DATA FOR THIS EXERCISE START
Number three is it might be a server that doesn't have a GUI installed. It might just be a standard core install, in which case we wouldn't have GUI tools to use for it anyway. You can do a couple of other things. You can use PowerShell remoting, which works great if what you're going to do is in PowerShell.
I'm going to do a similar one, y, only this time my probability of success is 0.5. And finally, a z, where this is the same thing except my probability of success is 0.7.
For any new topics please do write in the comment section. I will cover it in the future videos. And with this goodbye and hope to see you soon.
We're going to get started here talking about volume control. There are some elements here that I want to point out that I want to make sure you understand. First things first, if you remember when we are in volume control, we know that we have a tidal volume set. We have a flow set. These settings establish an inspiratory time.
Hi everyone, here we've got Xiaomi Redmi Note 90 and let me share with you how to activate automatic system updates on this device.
DATA FOR THIS EXERCISE END
DATA FOR THIS EXERCISE START
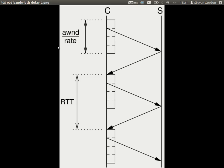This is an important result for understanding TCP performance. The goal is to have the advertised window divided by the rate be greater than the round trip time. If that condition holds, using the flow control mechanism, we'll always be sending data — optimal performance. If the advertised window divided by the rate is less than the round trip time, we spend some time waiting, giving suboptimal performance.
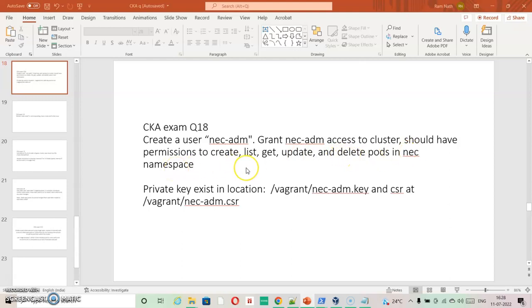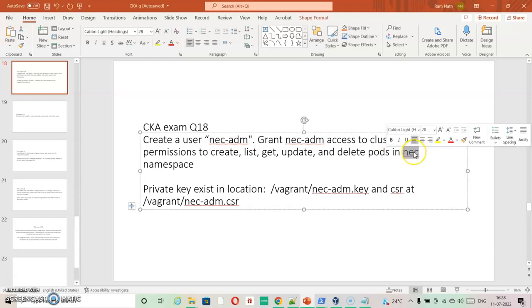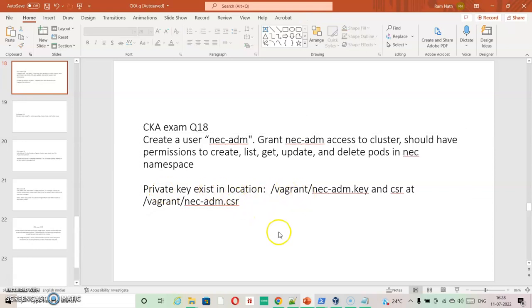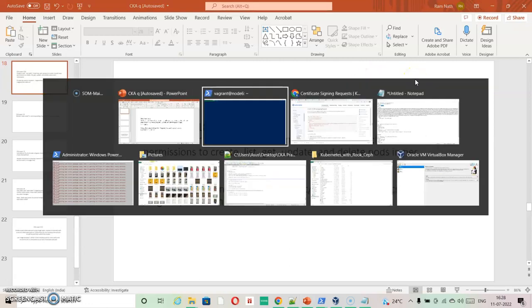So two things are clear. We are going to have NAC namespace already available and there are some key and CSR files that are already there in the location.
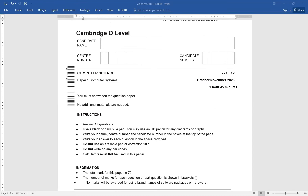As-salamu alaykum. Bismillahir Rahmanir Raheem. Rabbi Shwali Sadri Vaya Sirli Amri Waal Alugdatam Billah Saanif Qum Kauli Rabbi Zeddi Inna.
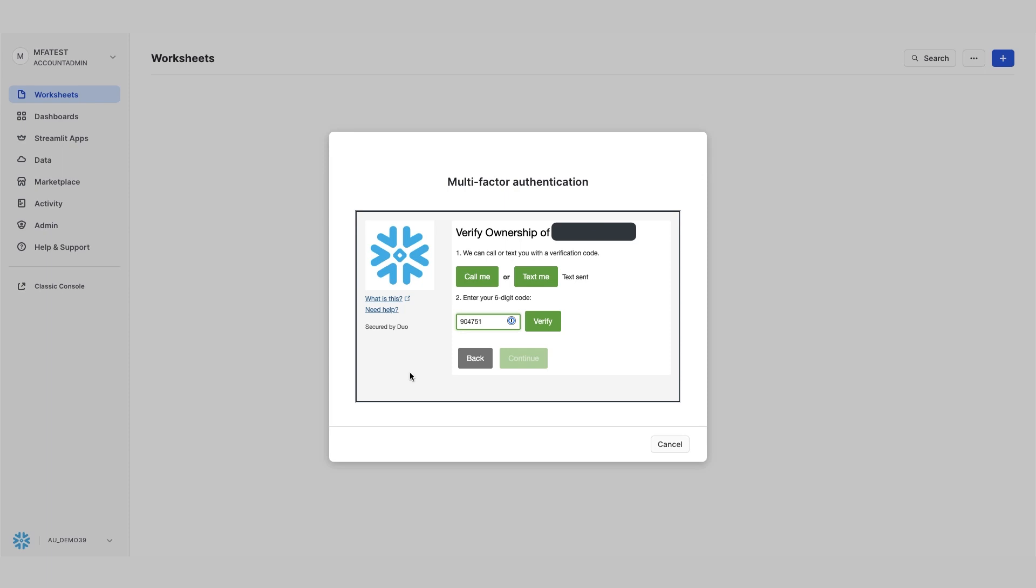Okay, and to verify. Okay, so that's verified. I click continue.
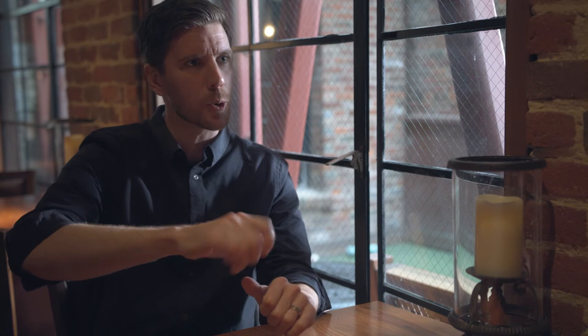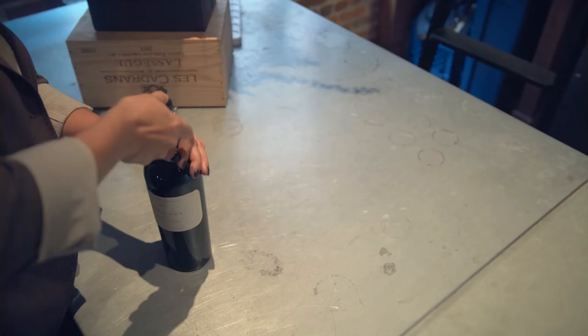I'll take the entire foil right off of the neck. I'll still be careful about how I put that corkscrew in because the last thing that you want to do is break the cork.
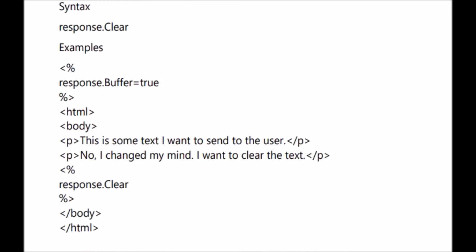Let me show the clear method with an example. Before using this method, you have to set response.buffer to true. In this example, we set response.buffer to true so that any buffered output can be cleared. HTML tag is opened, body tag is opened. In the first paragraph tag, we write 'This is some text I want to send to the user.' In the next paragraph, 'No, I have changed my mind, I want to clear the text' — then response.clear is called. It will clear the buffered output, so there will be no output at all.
DATA FOR THIS EXERCISE END
EXERCISE PROMPT
Would you write out exactly the lines above, starting at the line containing "Okay, and to" and stopping after the line containing "I'll take the"? Omit the pictures.

SOLUTION FOR THIS TASK
Okay, and to verify. Okay, so that's verified. I click continue.
I'll take the entire foil right off of the neck. I'll still be careful about how I put that corkscrew in because the last thing that you want to do is break the cork.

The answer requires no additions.